Taking charge

Ken Steinback believes launching a business is a lot like marriage in at least one respect.
“When you get married, you usually spend a lot of time with your future bride learning about her family and her beliefs and everything about her before you make up your mind that you’re going to spend the rest of your life with her,” Steinback says. “Getting married with partners is the same thing.”
Unfortunately for Steinback, he didn’t learn that lesson until after he and his partners had started CSI Leasing Inc. nearly 40 years ago.
“I didn’t do much due diligence on my partners,” says Steinback, the company’s co-founder and chairman. “I didn’t court them and figure out what they were all about and where they came from. I just knew they were people I worked with or people I just knew and I ended up going into business with them.”
Today, CSI Leasing is one of the largest independent IT leasing specialists in the world, with more than 650 employees and $367 million in fiscal 2008 revenue.

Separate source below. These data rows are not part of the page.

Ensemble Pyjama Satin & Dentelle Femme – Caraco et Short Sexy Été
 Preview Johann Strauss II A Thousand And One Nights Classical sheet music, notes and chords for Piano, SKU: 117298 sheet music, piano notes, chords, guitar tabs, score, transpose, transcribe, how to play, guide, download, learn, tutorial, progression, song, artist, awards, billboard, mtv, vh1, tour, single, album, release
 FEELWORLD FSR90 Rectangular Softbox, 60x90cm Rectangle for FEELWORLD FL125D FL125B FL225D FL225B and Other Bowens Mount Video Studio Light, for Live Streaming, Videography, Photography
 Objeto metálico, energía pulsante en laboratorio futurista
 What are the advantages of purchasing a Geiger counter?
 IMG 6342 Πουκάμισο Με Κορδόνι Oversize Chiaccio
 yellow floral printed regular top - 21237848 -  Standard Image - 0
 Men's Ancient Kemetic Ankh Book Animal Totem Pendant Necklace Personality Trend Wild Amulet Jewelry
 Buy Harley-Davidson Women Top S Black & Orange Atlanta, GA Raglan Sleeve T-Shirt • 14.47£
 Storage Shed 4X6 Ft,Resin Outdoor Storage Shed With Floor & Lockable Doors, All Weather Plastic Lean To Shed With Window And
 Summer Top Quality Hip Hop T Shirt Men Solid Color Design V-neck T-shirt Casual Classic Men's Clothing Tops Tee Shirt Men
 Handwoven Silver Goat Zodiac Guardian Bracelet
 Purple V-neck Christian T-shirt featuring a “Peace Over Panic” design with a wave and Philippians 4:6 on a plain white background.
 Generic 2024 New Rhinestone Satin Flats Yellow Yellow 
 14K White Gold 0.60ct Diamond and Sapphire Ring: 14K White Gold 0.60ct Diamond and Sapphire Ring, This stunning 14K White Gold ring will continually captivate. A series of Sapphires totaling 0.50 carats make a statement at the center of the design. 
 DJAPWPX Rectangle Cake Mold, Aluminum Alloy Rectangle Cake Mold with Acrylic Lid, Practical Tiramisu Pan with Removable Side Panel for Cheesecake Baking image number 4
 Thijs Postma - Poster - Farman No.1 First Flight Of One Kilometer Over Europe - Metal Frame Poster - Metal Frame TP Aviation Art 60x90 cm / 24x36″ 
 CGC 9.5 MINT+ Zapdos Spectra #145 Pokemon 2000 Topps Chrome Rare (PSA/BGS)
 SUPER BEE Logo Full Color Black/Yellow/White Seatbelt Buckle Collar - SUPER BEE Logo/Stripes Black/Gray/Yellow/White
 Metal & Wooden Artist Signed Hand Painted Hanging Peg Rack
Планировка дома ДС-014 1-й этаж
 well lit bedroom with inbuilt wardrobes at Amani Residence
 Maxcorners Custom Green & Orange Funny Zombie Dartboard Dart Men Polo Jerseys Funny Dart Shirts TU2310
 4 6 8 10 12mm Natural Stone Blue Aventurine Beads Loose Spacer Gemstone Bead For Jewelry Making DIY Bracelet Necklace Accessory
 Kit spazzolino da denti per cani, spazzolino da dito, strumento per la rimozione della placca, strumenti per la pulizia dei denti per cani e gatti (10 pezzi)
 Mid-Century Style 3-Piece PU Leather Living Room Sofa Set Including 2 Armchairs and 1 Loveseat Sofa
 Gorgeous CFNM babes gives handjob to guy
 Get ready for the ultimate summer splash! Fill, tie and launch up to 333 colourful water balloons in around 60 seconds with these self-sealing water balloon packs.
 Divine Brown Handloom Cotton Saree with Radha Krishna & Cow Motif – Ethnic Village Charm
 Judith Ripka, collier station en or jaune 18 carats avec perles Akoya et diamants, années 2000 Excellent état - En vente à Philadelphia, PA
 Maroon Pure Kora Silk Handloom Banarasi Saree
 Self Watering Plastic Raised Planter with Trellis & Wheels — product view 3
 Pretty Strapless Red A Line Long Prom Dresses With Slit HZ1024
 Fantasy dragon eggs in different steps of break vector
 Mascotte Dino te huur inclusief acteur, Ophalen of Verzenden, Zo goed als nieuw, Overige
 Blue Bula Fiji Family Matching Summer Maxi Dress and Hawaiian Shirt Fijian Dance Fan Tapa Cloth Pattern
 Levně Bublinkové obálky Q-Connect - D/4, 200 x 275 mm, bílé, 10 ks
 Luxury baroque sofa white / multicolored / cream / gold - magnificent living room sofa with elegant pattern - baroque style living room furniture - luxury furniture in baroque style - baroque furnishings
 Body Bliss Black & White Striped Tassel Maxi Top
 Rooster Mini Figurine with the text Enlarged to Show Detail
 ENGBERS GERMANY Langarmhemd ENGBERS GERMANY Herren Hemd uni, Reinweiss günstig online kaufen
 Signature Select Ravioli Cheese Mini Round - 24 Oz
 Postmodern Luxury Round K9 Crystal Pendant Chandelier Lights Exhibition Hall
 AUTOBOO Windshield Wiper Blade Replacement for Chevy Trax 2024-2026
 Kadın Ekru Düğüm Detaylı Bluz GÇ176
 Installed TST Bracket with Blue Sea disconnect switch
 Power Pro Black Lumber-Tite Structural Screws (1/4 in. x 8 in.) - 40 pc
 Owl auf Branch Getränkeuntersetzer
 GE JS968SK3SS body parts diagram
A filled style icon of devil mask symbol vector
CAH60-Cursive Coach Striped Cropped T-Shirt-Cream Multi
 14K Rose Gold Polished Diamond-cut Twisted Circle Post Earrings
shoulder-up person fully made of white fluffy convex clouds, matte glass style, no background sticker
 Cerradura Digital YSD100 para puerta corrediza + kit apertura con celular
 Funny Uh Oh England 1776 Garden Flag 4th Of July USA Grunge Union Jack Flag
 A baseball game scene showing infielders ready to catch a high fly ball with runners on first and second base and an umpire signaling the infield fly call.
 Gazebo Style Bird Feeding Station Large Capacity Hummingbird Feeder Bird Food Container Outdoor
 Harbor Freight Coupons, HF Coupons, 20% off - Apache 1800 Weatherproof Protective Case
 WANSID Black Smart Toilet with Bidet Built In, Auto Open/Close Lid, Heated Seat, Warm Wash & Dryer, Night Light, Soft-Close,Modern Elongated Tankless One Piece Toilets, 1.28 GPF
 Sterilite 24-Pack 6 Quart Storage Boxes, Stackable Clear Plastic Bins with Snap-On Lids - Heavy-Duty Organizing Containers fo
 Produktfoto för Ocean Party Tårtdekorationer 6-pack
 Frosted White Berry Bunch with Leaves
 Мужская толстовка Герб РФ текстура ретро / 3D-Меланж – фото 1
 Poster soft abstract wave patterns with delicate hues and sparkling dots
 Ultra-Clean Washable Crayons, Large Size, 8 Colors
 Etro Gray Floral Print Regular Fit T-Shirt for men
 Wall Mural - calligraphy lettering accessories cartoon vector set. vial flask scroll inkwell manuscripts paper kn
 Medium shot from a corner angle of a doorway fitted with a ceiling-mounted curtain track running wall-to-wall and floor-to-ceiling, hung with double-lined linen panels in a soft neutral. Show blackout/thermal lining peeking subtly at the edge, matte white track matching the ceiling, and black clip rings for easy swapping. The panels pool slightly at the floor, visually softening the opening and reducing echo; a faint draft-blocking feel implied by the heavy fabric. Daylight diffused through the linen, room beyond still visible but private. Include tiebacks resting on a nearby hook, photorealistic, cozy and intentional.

Back in 1972, it was a brand-new operation with a team of leaders that couldn’t work together.
“We started the business as basically a partnership,” Steinback says. “Shortly thereafter, I realized you can’t run a business as a partnership unless you have leadership, especially when you’re all equal.
“I took over the leadership role early on because you couldn’t have four partners doing the same thing and duplicating each other’s efforts and stumbling over each other. That was quite honestly what happened the first couple years we were in business until I realized it doesn’t work that way. Equal partnerships just don’t work.”
Steinback feels like the lessons learned from his problems at the start of CSI have made him a better leader today. The experience has given him a better sense of how to build a strong and cohesive leadership team and how to get that team to work with him as the company’s leader.
“That is the reason why my entire management team has been with me for well over 20 years and we’ve had very little turnover within the company,” Steinback says.